Duńskie muzułmanki przełamują bariery dotyczące nierówności płci, ale niestety spotykają się z coraz większym poparciem dla prawa szariatu we własnej społeczności.
Ayan Mouhoumed dzisiaj jest szczęśliwą kobietą, chociaż gdy była młodsza napisała do duńskiej gazety, że chciałaby urodzić się chłopcem i cieszyć się taką wolnością jak chłopcy.
„Duńskie kobiety o muzułmańskich korzeniach odnoszą sukcesy w Danii. Biegniemy sprintem na przód. Radzimy sobie dobrze w edukacji, dostajemy dobre prace i otwarcie mówimy w mediach”, mówi Mouhoumed, redaktorka i założycielka „Ethnica Magazine” zajmującego się polityką i kulturą.
W lutym duńskie muzułmanki otworzyły pierwszy w Skandynawii meczet tylko dla kobiet. Wiele z nich wybiera sobie sama własnych partnerów.
Niestety ten postęp w dziedzinie praw kobiet, musi teraz zmierzyć się z rosnącym poparciem dla prawa szariatu. Duńska telewizja wyemitowała reportaż, w którym dwójka nieduńskich muzułmanów udając parę w niektórych duńskich meczetach, gdzie na przykład dowiaduje się od kaznodziejów, że kobieta za cudzołóstwo musi zostać ukamienowana, czy też, że kobieta nie może podejmować pracy bez zgody męża.
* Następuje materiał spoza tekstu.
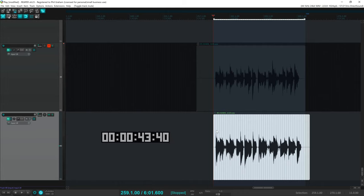And so the gauge 11 Ernie Ball Slinkies have a plain G string, which is a 0.22 gauge string.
Mąż z kolei może wziąć dodatkową kobietę za żonę i nie można odmawiać mu jego „seksualnych praw”. Te opinie słyszą także w meczetach uważanych za „umiarkowane”.
Nie jest jasne jakie konsekwencje mają te nauki, ale religijni przywódcy w meczetach cieszą się posłuchem i powstaje pytanie czy nie zagrozi to pozycji duńskich muzułmanek. (j)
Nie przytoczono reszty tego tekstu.